ADAYLIĞIMDAN RAHATSIZ OLDU, ‘KENDİSİNİN KÖLESİ MİYİZ’ DEDİM
Bu sözlerinin devamında “Niye bu iddianameler siyasi saiklerle hazırlandı, niye benimle husumeti var anlatıyorum. Tanıklarını da dinleteceğim” diyen Demirtaş, şöyle devam etti:
“2014 Cumhurbaşkanlığı seçimi. 2014’te de İmralı çözüm süreci vardı. Hiçbir şekilde Cumhurbaşkanı adayı olma talebim yoktu. Ama partim beni aday gösterme kararı aldı. Onur duydum. Ne yaptı, İmralı üzerinde adaylığımı geri çekme baskısı yaptı. Tanıkları var. Devlet adına görüşmeyi yürüten heyet, ‘Beyefendi (Erdoğan) çok rahatsız oldu adaylığınızdan, hem çözüm süreci yürütüyor hem niye aday oldunuz’ dedi. Biz kendisinin kölesi miyiz? Cevabım buydu. Biz demokratik siyaseti güçlendirmek için çözüm süreci yürütüyoruz. Biz PKK’ye silah bıraktırmak için uğraşıyoruz da HDP’ye siyaseti bıraktırmak hedefler arasında değil. Biz demokratik siyasette güçleneceğiz deyince niye rahatsız oluyor? Çözüm sürecinin ruhuna bu aykırıdır.
‘BİR BÜROKRAT GELİP BEYEFENDİ ÇOK RAHATSIZ DEDİ’
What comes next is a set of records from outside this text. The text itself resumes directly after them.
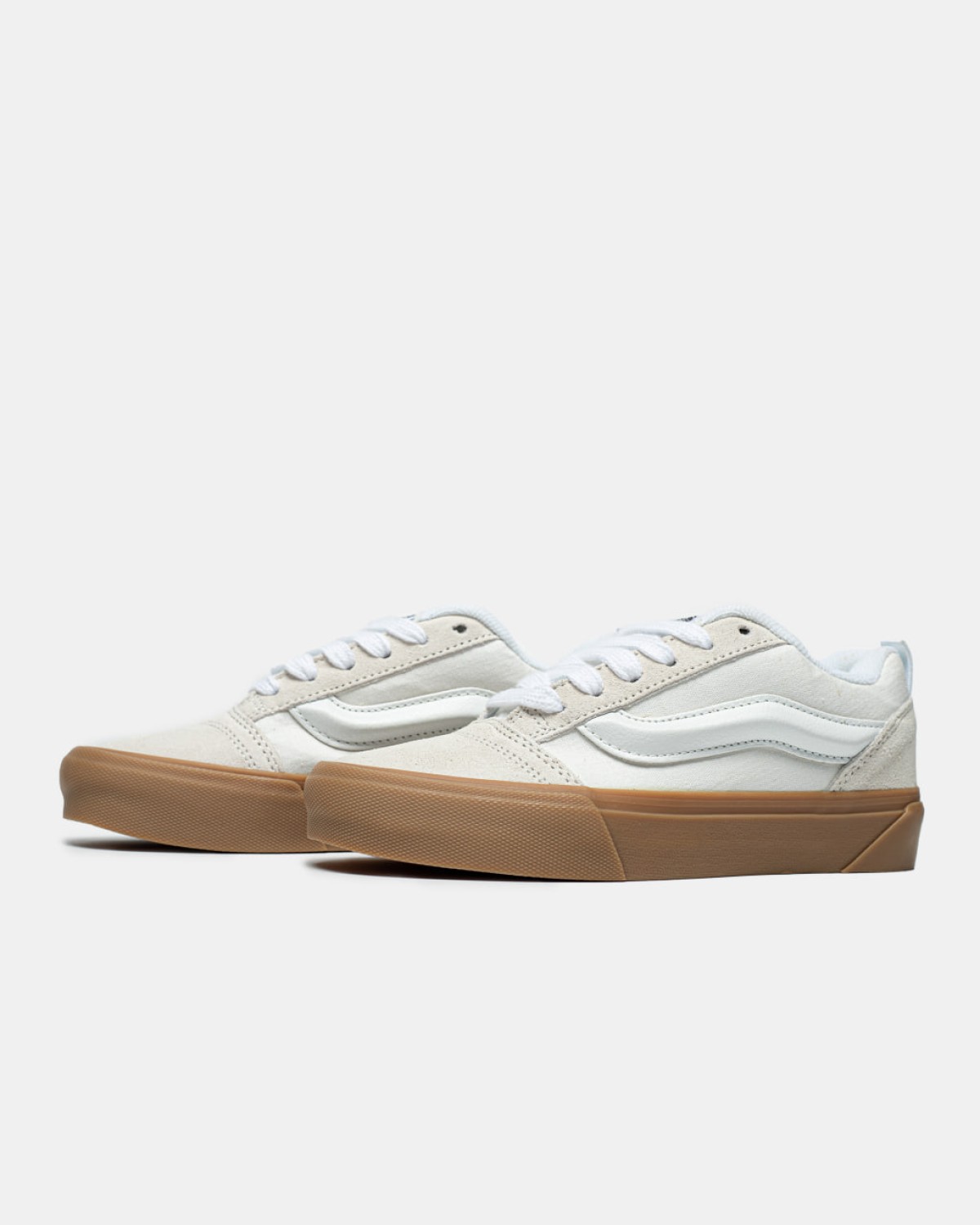 Vans Knu Skool "Marshmallow / Light Gum"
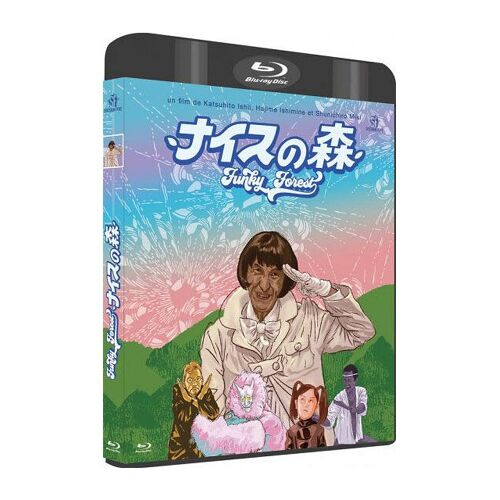 Funky Forest : The First Contact - Combo Blu-Ray + Dvd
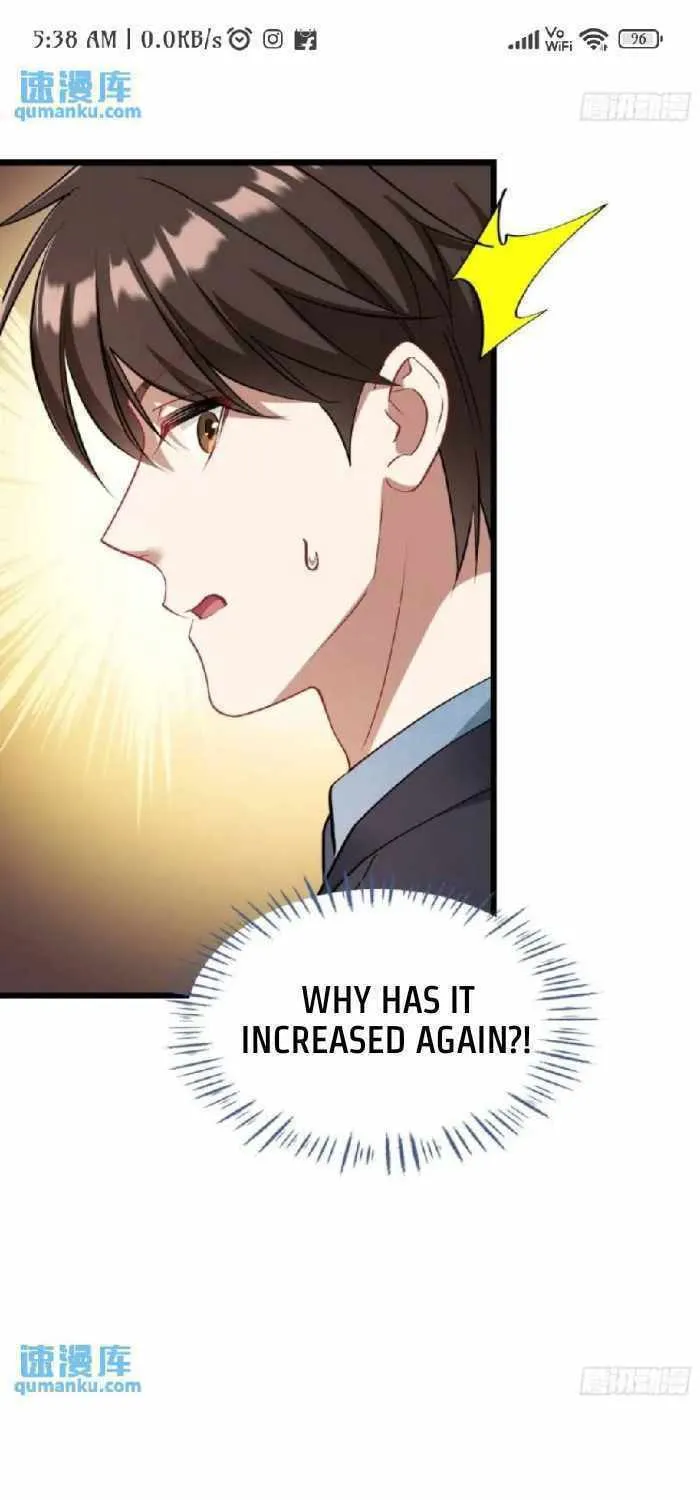 After Improperly Licking a Dog, I Became a Billionaire Chapter 37 page 24 - 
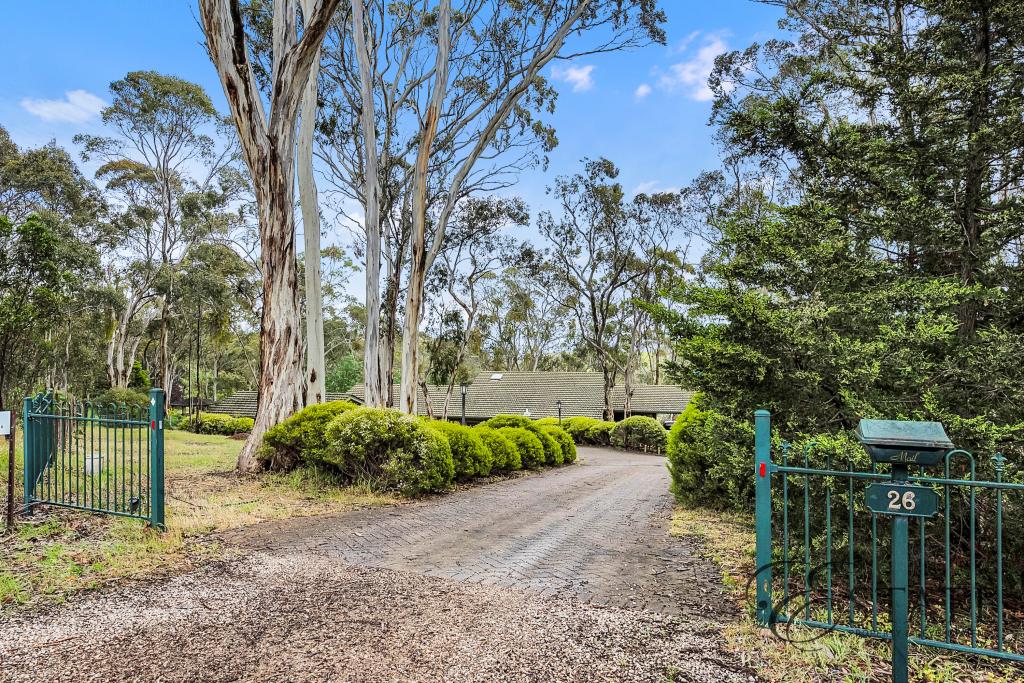 26 Range Rd S, Houghton, SA 5131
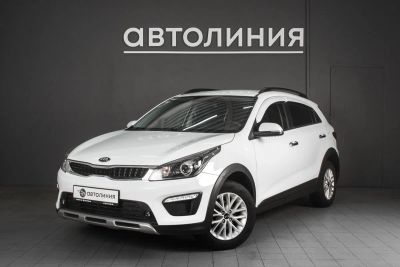 Лот: 22694067. Фото: 1. Kia Rio, IV X-Line 1.6 AT (123... Автомобили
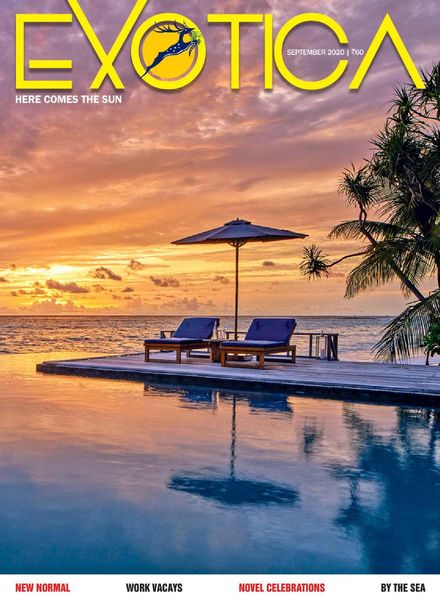 Exotica Magazine – September 2020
Kampanyasının ortasında, gene tanık dinletebilirim, şu anda yüksek bürokraside görevli birisi geldi ve ‘beyefendi çok rahatsız’ dedi. ‘İkinci tura kalmamım kendisi açısından ne yararı var, çözüm sürecini hiç mi düşünmüyor.’ Çünkü anketler yüzde 10’un üzerinde gösteriyor beni, diğer aday Ekmelettin İhsanoğlu beklenen oyu alsaydı, ikinci tura kalıyordum. Cevabım aynen şu oldu: Kendisine söyleyin demokratik siyasete inanıyoruz. Demokratik bir şekilde de çalışmamızı yürütüyoruz. Bunun çözüm sürecine nasıl aykırı olduğunu iddia edebilir. Ben aday oldum son güne kadar da kampanyayı en güçlü şekilde yürüteceğim.
’20-25 VEKİL NEYİNİZE YETMİYOR, BAĞIMSIZ GİRİN’
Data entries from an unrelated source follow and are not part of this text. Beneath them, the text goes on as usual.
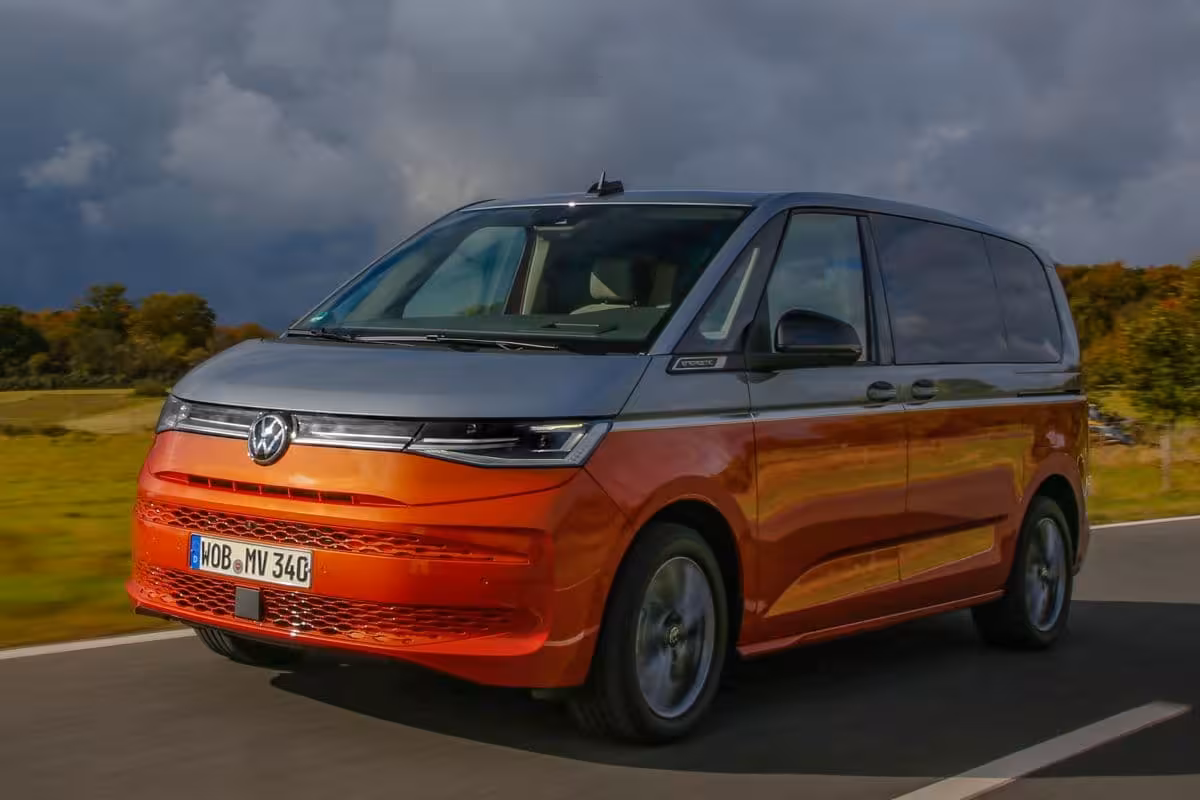 Volkswagen Multivan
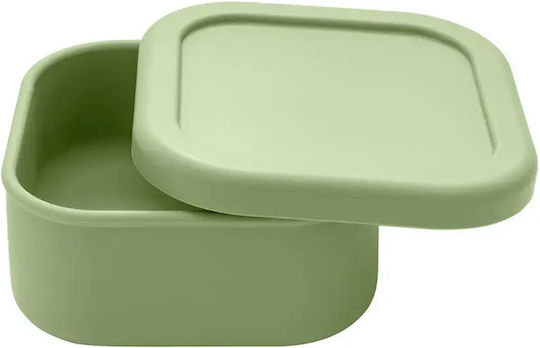Green Silikon Mittagsboxen Green Silikon Mittagsboxen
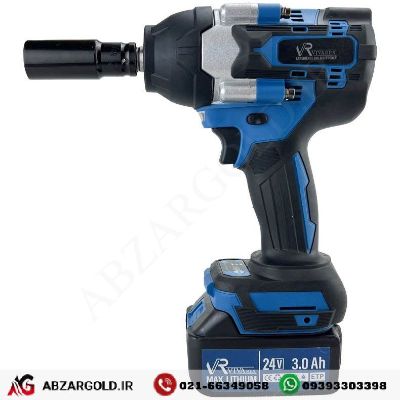بکس شارژی 24ولت دیمردار 500نیوتن ویوارکس مدل VR2450IW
İnanamıyorum, niye uğraşsın ki koskoca cumhurbaşkanı bir siyasetçiyle, niye uğraşsın. Uğraşır, uğraşacak çok şey bulur. 7 Haziran seçiminde parti olarak seçime girmeyelim diye İmralı üzerinden bize baskı yapmaya kalkıştılar. Devlet İmralı Heyeti; ‘Çözüm sürecine aykırıdır’ dedi. ’20-25 milletvekili neyinize yetmiyor, bağımsız girersiniz’ dedi. Niye AKP’ye 400 milletvekili lazım. Tek başına Anayasa değiştirecek. Bir gün sonra HDP, PM kararı olmamasına rağmen parti olarak seçime gireceğini açıkladı. Partim 7 Haziran’da parti olarak seçime girmeliydi. Doğru yaptı. PM de hemen ardından oy birliği ile bu kararı aldı. Çünkü kendisi engellemeye çalışıyor. Kandil’in, İmralı’nın talimatlarıyla Demirtaş şunu yaptı diyenler, bana bunları yaptırmaya çalıştılar.”